Asteya offers two services, wardrobe consultation and personal shopping. The wardrobe consultation is a 3-hour session in which stylists assess what works for the client’s body and lifestyle, and show the versatility of their existing wardrobe by creating multiple wearable looks. As a follow-up to the consultation, clients can book personal shopping services, in which a stylist will curate products from sustainable global and local Detroit brands based on their recommended shopping list.
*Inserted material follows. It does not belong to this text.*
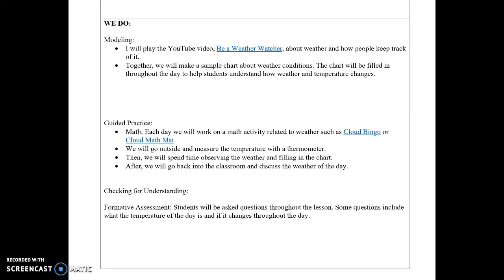Together we will make a sample chart about weather conditions, which will be filled in throughout the day to help students understand how weather and temperature change. On the first day we'll look at temperature in the morning and the afternoon — basically twice a day — so students can see how weather and temperature change not just daily but throughout the day.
Stylists are hand-picked professionals with extensive personal styling experience. Paulina Petkoski is a FIT-trained designer and stylist who has worked with Diane von Furstenberg, Isaac Mizrahai, and Pamela Roland. Paulina is also the co-founder of Playground Detroit and founding Style Editor of Grand Circus Magazine. Raffaella Medoro-Naurato left her career in music as a professional pianist to pursue fashion full-time when she found that fellow musicians were more interested in her personal style of dress and were constantly asking for her advice. She trained at the American College of Professional Stylists and is a full-time stylist as well as instructor at Wayne State University teaching Italian and History of Costume.
“The retail industry has changed so dramatically in the last 25 years, with fast fashion training people to expect cheap, disposable clothing. We want to show people that by investing in fewer, higher quality pieces, and thinking creatively about how to style them, they will save money in the long run, look better in their clothing, and help the environment. It’s a win-win-win.”